Then I’m representing my Graduate Program in the brown bag lunch panel on MFA programs in voice training, where David Smukler and I will plug our Voice Teacher Diploma programs up at York. We’re flying down together tomorrow morning, and we’re sitting next to each other, so we’ll get to chat about the whole thing over roasted peanuts. And we have a command performance of the Tech Panel with myself and Michael Barnes for the umpteenth time (regrettably, Phil Thompson is away this year). I think I will plug things I do with my iPad.

I’m also gotten myself involved with the Teaching Philosophy Statement support group, as I do a fair bit of review of these things with my Voice Diploma students. And I’ve been invited to a luncheon with former board members on Wednesday; I look forward to catching up with old friends and looking ahead to what lies on the horizon for the organization.

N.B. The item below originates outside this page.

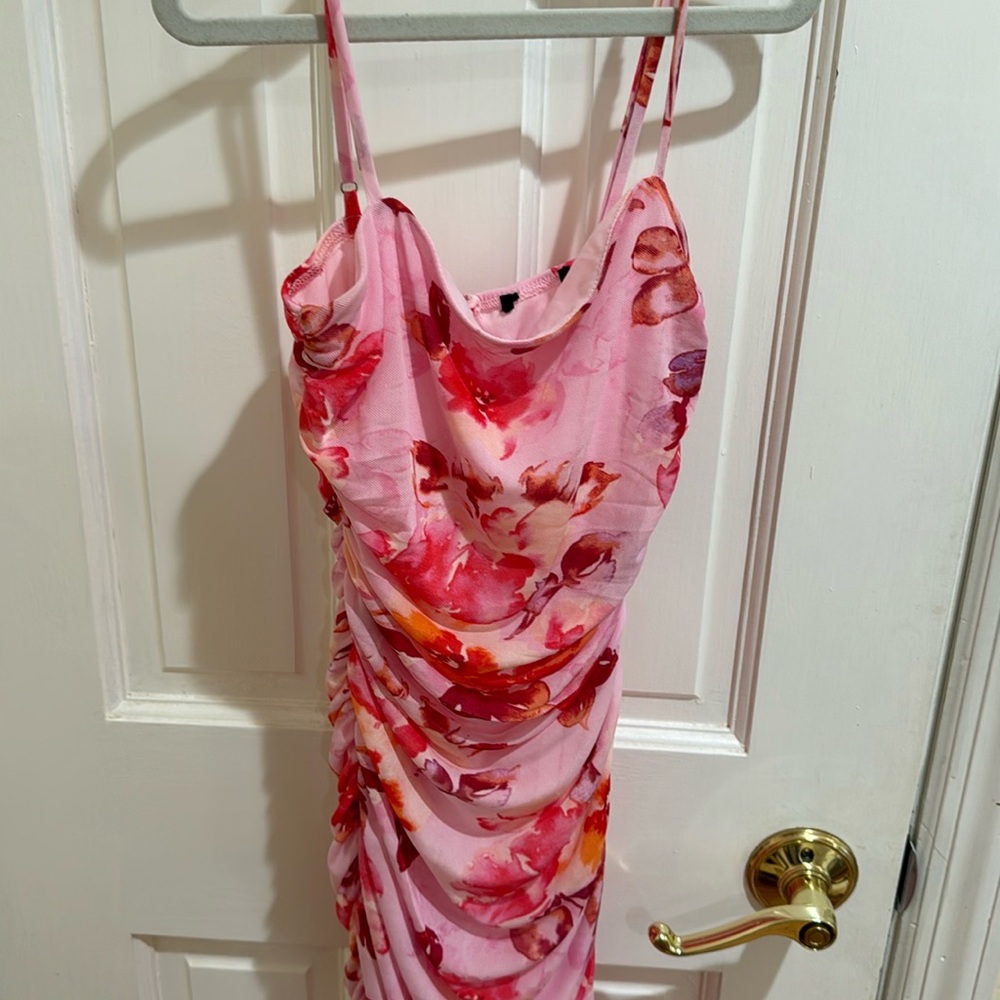 Floral midi dress size 0 Lululs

I’m very excited about lots of talks, like the Uof A’s David Ley’s talk on using personal vibrators (yes, that kind) to elicit vibrations in the larynx of people with dysphonia. Unfortunately that’s opposite the talk about the Visual Accent & Dialect Archive (VADA) that I really want to go to. I really am looking forward to singing 20th Century Political songs with Joanna Cazden on Monday evening and international songs (with easy harmony) with Judith Shahn and Claudia Anderson on Wednesday night.

So, if I don’t manage a post on Thursday for the Voiceguy, you’ll understand why! I’ll be exhausted!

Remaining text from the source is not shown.